中には存在が目立たないのに印象に残る植物もあります。
山形市に抜ける紅花トンネルの手前の駐車場に車を止めて、谷川沿いの林道を歩きながら脇の叢を歩き回っているとき、群生して白い花を咲かせている植物を見かけました。
野草の多くは個性的で存在感があるものが多いのに、この花はそうした印象は持ちませんでした。
群生して咲いている光景だけが心に残りました。
アパートから車で数分の丘陵の麓にウスバサイシンの写真を撮りに行ったときにも、同じ花を咲かせる植物を見かけました。
この白い花の様子はオトメアゼナのような雰囲気です。
オトメアゼナは田んぼや沼の水面で繁茂するので生育場所が違います。
その花の名前もわからずに、数年間パソコンに入れっぱなしになっていました。
最近入会したfacebookの「雑木や野草のサークル」に投稿して名前を教えて貰おうかと思っていたとき、「日本の野草」(林弥栄編 山と渓谷社)をペラペラめくっていたら、この植物を偶然見かけました。
それがタニギキョウです。
特長がないキキョウ科のありきたりの植物のようです。
でも「www.chiba-muse.or.jp」には「山道沿いの湿った斜面に群生した純白の花。タニギキョウだ。直径1センチ弱の小さな花で、草丈は5センチほど。キキョウの仲間としてはとても小さな植物で、見過ごされやすい。だが、その清楚な美しさは春の山を彩る草花の中でも際立っている。この植物には面白い特徴がある。多くの草木が繁茂する夏に、タニギキョウは姿を消してしまうのである。花が咲き終わり5月になるとタニギキョウの茎や葉は枯れてしまい、6月から9月にかけては影も形も見当たらない。10月頃には新たな茎と葉が伸びて、そのまま冬を越し、4月に開花する。このような性質を『冬緑性(とうりょくせい)』という。他の草に覆い隠されてしまう夏を避け、競争相手の少ない冬に光合成を行うという生き方を選んだのである。まるで『我が道を行く』とでもいうような性質もタニギキョウの魅力である。(尾崎煙雄)」と記されていました。

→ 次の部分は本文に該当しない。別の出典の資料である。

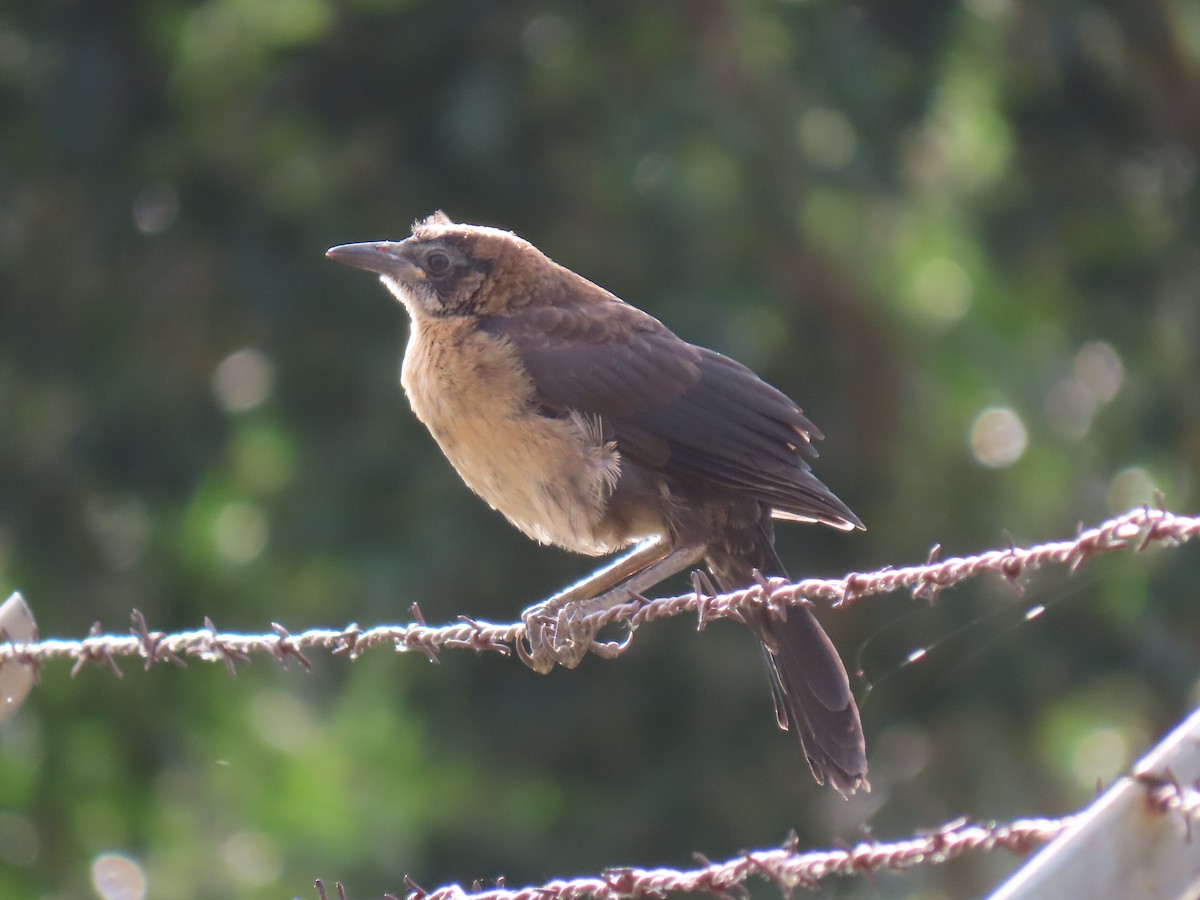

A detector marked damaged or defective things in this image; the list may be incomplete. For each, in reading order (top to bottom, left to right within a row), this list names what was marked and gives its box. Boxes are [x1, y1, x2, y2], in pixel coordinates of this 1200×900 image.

カタクリ、ショウジョウバカマ、フデリンドウなどの「春の妖精(スプリング・エフェメラル)」の仲間に思われたのですが、これらは翌年の春まで休眠します。
10月に茎や葉が伸びる点で明らかに違っています。
白い花を咲かせるありきたりの地味な花だと思っていたのですが、植生はとても個性的なのですね。
私たちも目先の姿形でその人が個性的だと考え勝ちですが、見えない生き方そのものが個性的かどうか判断することが重要かもしれないなと再認識したものです。